Playing with recovery_1st_stage_command using pg_rewind, I thought to try out of curiosity another monkey hack – querying pgpool_recovery() without arguments (as I ignore them in my set up anyway) and then just trying to attach the node to pgpool:
[email protected]:~# psql -p 5433 -h localhost template1 -c "SELECT pgpool_recovery('or_1st.sh', '', '', '')" pgpool_recovery ----------------- t (1 row) [email protected]:~# pcp_attach_node -h 127.0.0.1 -U vao -w -n 1 pcp_attach_node -- Command Successful
This stupid idea brought me to:
[email protected]:~# ps -aef | grep pgpool postgres 15227 1 0 11:22 ? 00:00:00 pgpool -D postgres 15240 15227 0 11:22 ? 00:00:00 pgpool: health check process(0) postgres 15241 15227 0 11:22 ? 00:00:00 pgpool: health check process(1) postgres 15242 15227 0 11:22 ? 00:00:00 pgpool: health check process(2) postgres 15648 15227 0 11:24 ? 00:00:00 [pgpool]

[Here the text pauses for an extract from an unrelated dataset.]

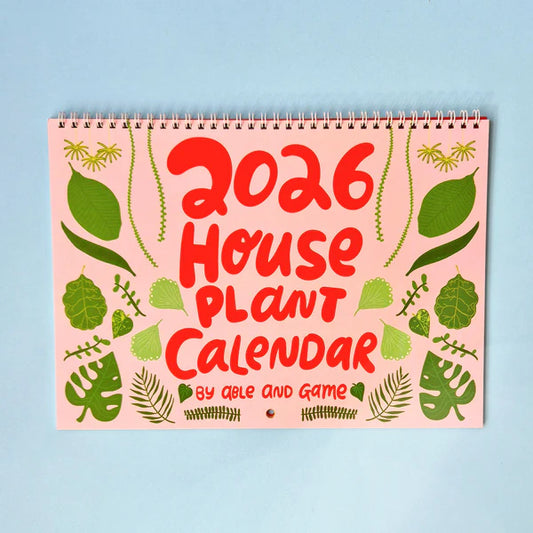 2026 House Plant Calendar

postgres 16264 15227 0 11:26 ? 00:00:00 pgpool: PCP: wait for connection request postgres 16266 15227 0 11:26 ? 00:00:00 [pgpool] postgres 16506 16264 0 11:26 ? 00:00:00 pgpool: PCP: processing recovery request postgres 16560 15227 0 11:26 ? 00:00:00 [pgpool] postgres 16835 15227 0 11:26 ? 00:00:00 [pgpool] postgres 16836 15227 0 11:26 ? 00:00:00 [pgpool]
No escape I have to:
[email protected]:~# kill -9 [email protected]:~# rm /var/run/pgpoolql/.s.PGSQL.5433 [email protected]:~# rm /var/run/pgpoolql/.s.PGSQL.9898
Above 5433 is pgpool port and 9898 is pcp port. Obviously after crash, files are not swept, so you have to do it manually.
- Do a careful reading and play a lot before taking pgpool to production. It’s much harder to find help with pgpool then postgres itself. Some questions are never answered. Especially when asked in wrong place (I answered it based on right place to get the answer)…

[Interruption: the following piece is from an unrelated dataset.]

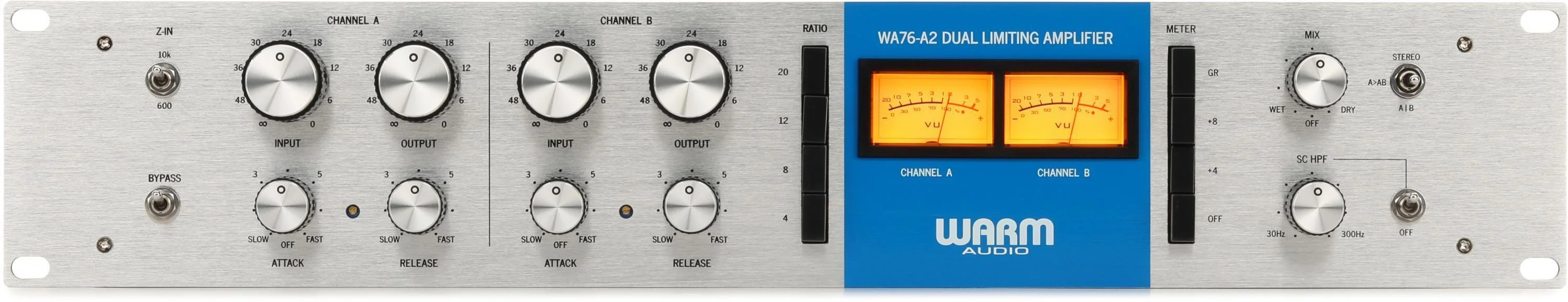 Warm Audio WA76-A2 双通道复古音色分立元件场效应管压缩器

- Don’t forget the latest timeline for cascading replication (not really the pgpool hint, but often people don’t understand that in order to pickup a new master it is not enough to specify a right endpoint for receiver).
- Architecture with diagram could be found here.
In 10 years new promising features (watchdog and virtual ip) and important fixes (eg serialize_accept) appeared, but overall it leaves a undervalued impression. Docs have typos that have lived there for 10 years. I don’t believe no-one reads the docs. I don’t believe no one noticed. You just can’t report them in any easy way. There are plenty of guns loaded and prepared, lying on the documentation site for the novice user to take, point against the foot and pull the trigger. I have no reasonable idea how to improve it – I’m just warning the shooters. Misinterpreting one parameter can throw you in a desperate position of reverse engineering to find your mistake. All these years pgpool used to be and remains kind of a product for advanced users. Reading documentation I could not help myself not recalling the old Russian joke about Sherlock Holmes: Sherlock and Watson fly on the balloon. Suddenly the strong wind blows them thousands miles away. When they can land, they see the girl grazing sheep. Holmes asks the girl: “Darling where are we?” and the girl replies “You are on the balloon!”. Sherlock thanks and as they take off says “The wind took us very far – we are in Russia”. “But how do you know?” Watson asks. “It’s obvious – only in Russia coders graze sheep” Sherlock replies. “But how do you know the girl is coder?” – “It’s obvious – she gave us absolutely precise and totally useless answer”.